PCGH: Does the engine make use of SSE2/SSE3/SSSE3 or even SSE4 instructions? If yes, could you please give us an estimate on the performance benefit.
Leigh Davies, Intel: Yes, with a significant performance improvement of the code converted from ordinary floating point calculations to SSE, though we dont have an overall figure for all the optimizations made in this area.

PCGH: How many CPU power is used by the AI?
Leigh Davies, Intel: This is difficult to quantify exactly as an overall figure for the game, but the during intense combat periods the AI system can be the most significant user of cycles on the main thread.

PCGH: Speaking of shadows: Are they completely handled by the video card or is there some work left for the CPU?

Doug Binks, R&D Development Manager Crytek: The majority of the shadows is done on the video card some work is done on the CPU.

PCGH: What compiler is being used and why? What utilities (Vtune etc.) are used?
Doug Binks, R&D Development Manager Crytek: Were using Microsoft Visual Studio 2005 for the PC, as this is pretty much an industry standard, along with VTune and Intels tools for Thread performance monitoring.


PCGH: Do you use advanced physics simulation? If so, rather for gameplay purposes or to create impressive eye candy like explosions or particle effects?
Doug Binks, R&D Development Manager Crytek: The CryENGINE 2 used in Crysis features our own highly advanced physics engine. Its used for gameplay, explosions and particle effects. By using complex physics the gameplay experience becomes highly emergent, nonlinear and open.

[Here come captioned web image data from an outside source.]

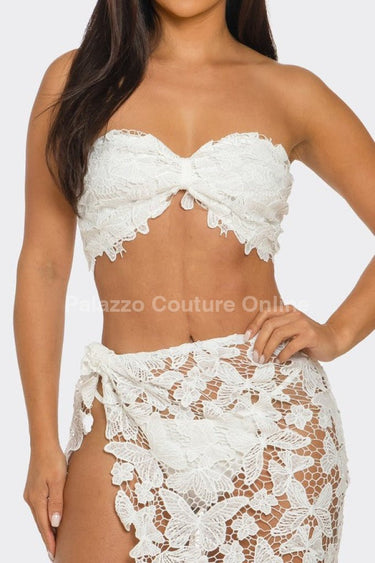 Butterfly Romance 2 Piece Lace Maxi Skirt Set - Palazzo Couture Online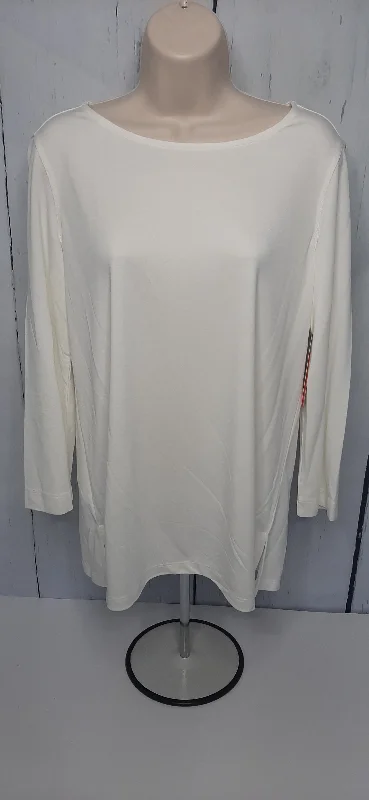 Womens white round neck top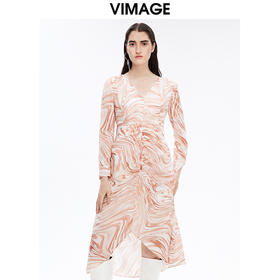 VIMAGE/纬漫纪新款秋季V领不规则裙摆优雅气质印花连衣裙薄V1607242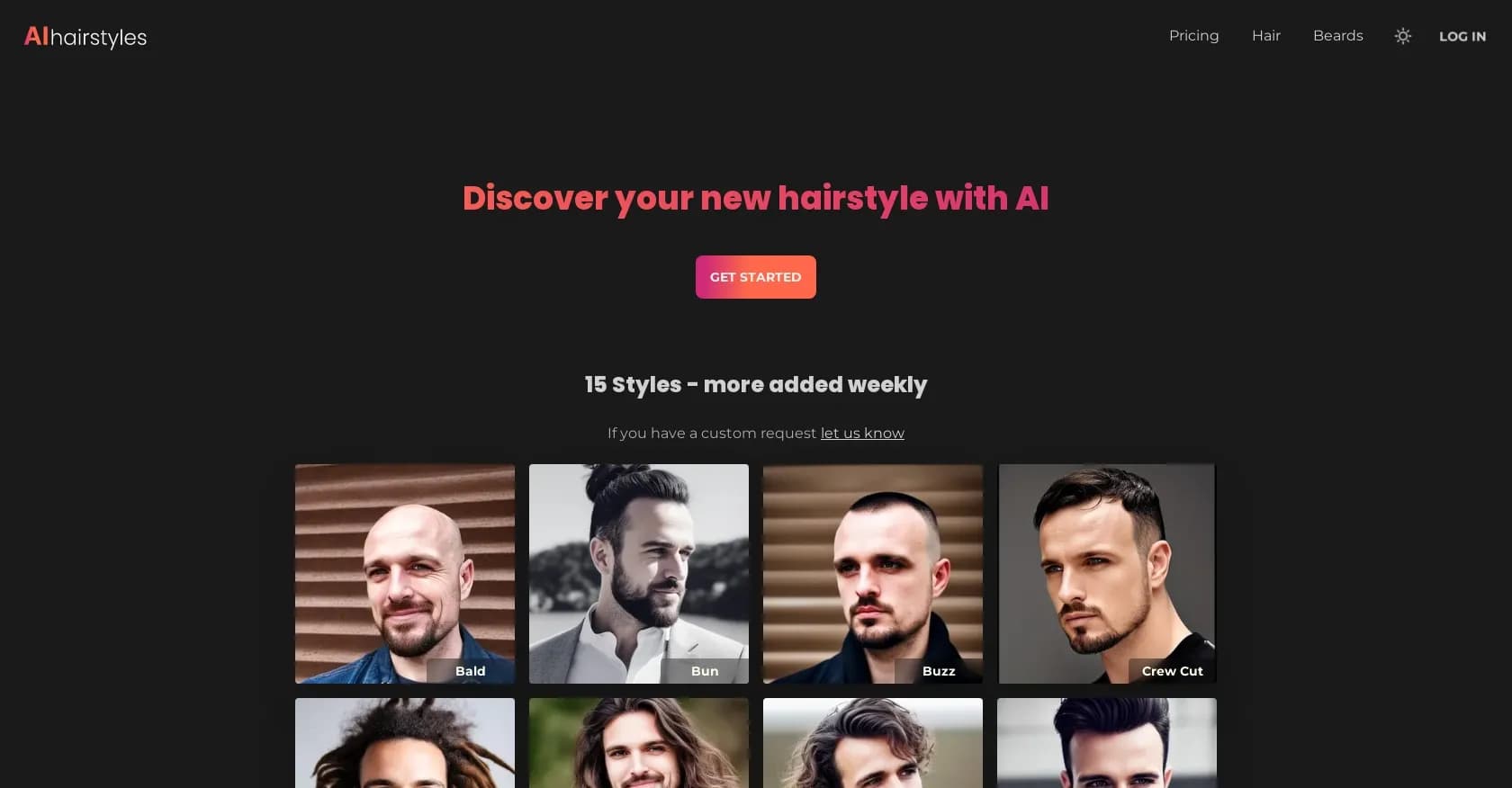 AIhairstyles homepage screenshot — Try on virtual hairstyles to experiment with looks.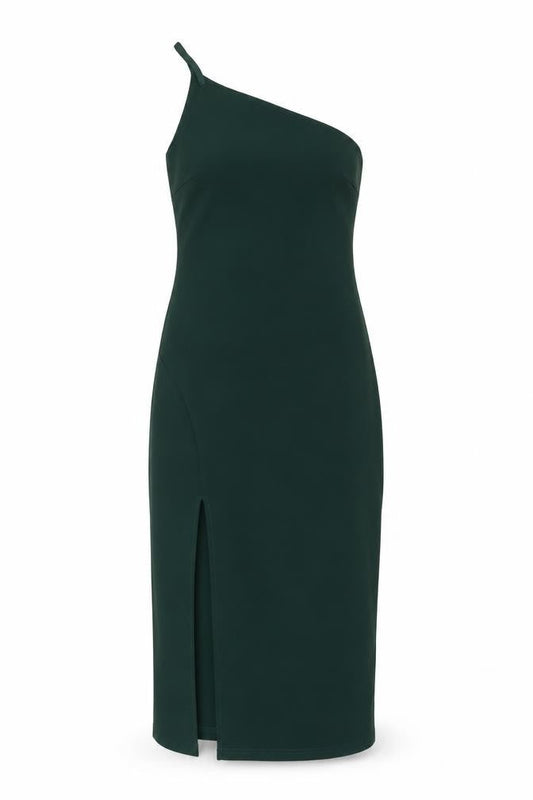 OhHello The Label Women’s Green One Shoulder Bodycon Midi Dress Size 10
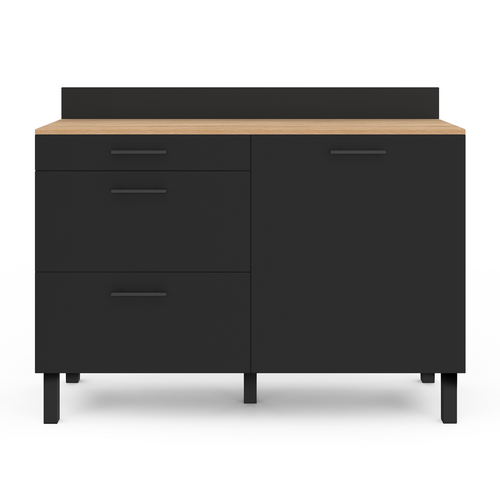 Buffet Bas Casserolier De Cuisine 120 Cm Cina Plan De Travail H.83 Cm 1 Porte + 3 Tiroirs Façon Hêtr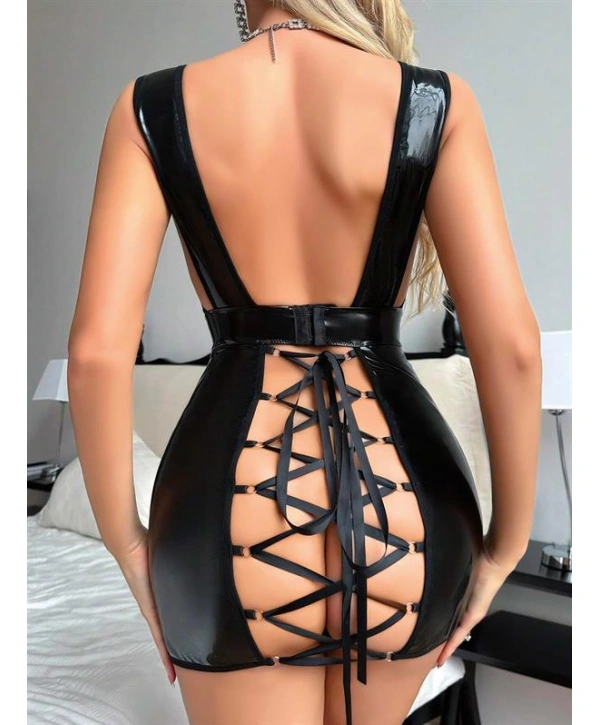 Morliva  Siyah Arkası İp Dekolteli Mini Fantezi Parlak Deri Elbise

PCGH: As far as we know, there are two different ways of physical interaction in crysis, depending on the Video card you use (at least in multiplayer games). Theres one basic physic mode for Dx9-cards and a more sophisticated one for Dx10-Hardware. Why does that depend on the video card and not on the amount of cpu cores?
Doug Binks, R&D Development Manager Crytek: In the single player campaign the level of physical interaction does not directly depend on whether you have a DX9 or DX10 capable graphics card. In multiplayer only players with DX10 can experience the full range of physical gameplay effects.

General questions

PCGH: How does the cooperation with Intel look like? Does Intel provide Crytek with special engineers?
Leigh Davies, Intel: Intel have worked with Crytek since the beginning of Crysis development. We both share the same vision of the market and how the next generation of games should look like. Intels software developers have supported us in our development, particularly with multithreaded performance enhancements. Intel's contributions also includes tools such as the Intel VTune performance analyzers or the Intel threading analysis tools

PCGH: According to the minimum requirements, gamers are supposed to have a 2,8 GHz CPU this obviously applies to single-core-cpus. Can you give us the corresponding frequencies for dual and quad core processors?
Leigh Davies, Intel: The current entry CPU to the Quad-Core experience is the Intel Core 2 Quad processor Q6600 with 2,4GHz. The game runs well on that CPU. But in the end its up to user as to what effects are turned on or off and what type of gaming experience they want.